This work addresses the challenge of ultra-low motion-to-photon (MTP) latency in immersive volumetric video for extended reality (XR), where conventional edge architectures struggle to meet the stringent real-time demands arising from tight coupling between high-compute rendering and user motion. The authors propose a near-real-time streaming framework based on O-RAN that jointly orchestrates wireless, computing, and content resources. By optimizing the rendered pixel ratio through continuous control variables under constraints of O-Cloud compute capacity, gNB transmit power, and bandwidth, the framework holistically balances resolution, computational load, and latency. A novel integration of the Weber-Fechner perceptual model guides QoE-aware optimization, complemented by structured action decomposition and a QoE-sensitive reward mechanism to tackle high-dimensional control complexity. Experiments on a 5G O-RAN testbed and simulations demonstrate over an 11% reduction in median MTP latency, along with significant improvements in average QoE and user experience fairness.

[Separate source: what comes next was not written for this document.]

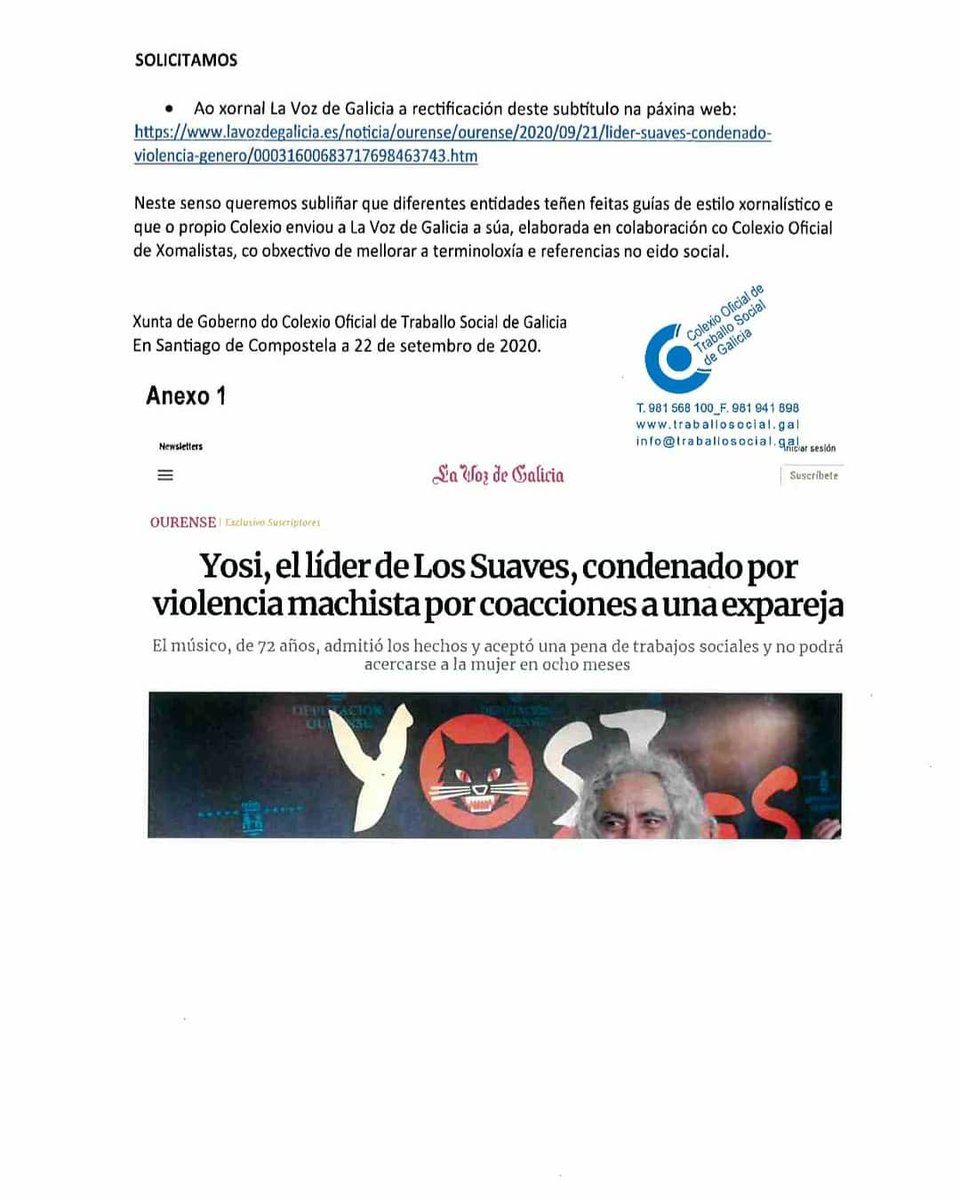COTSdeGalicia's tweet photo. Enviamos unha carta a @lavozdegalicia porque non cremos que Yosi, de Los Suaves, teña formación para facer traballos sociais. O que vai facer é "traballos en beneficio da comunidade"
#medios #traballosocial https://t.co/y3fRlH0rsp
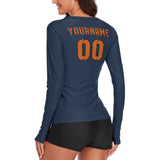 Custom Blue Orange Women's Long-Sleeve Shirt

Immersive volumetric video streaming in extended reality (XR) demands ultra-low motion-to-photon (MTP) latency, which conventional edge-centric architectures struggle to meet due to per-frame computationally intensive rendering tightly coupled with user motion. To address this challenge, we propose an Open Radio Access Network (O-RAN)-integrated playback framework that jointly orchestrates radio, compute, and content resources in near real time (Near-RT) control loop. The system formulates the rendered-pixel ratio as a continuous control variable and jointly optimizes it over the Open Cloud (O-Cloud) compute, gNB transmit power, and bandwidth under a Weber-Fechner quality of experience (QoE) model, explicitly balancing resolution, computation, and latency. A Soft Actor-Critic (SAC) agent with structured action decomposition and QoE-aware reward shaping resolves the resulting high-dimensional control problem. Experiments on a 5G O-RAN testbed and system simulations show that SAC reduces median MTP latency by above $11\%$ and improves both mean QoE and fairness, demonstrating the feasibility of RIC-driven joint radio-compute-content control for scalable, latency-aware immersive streaming.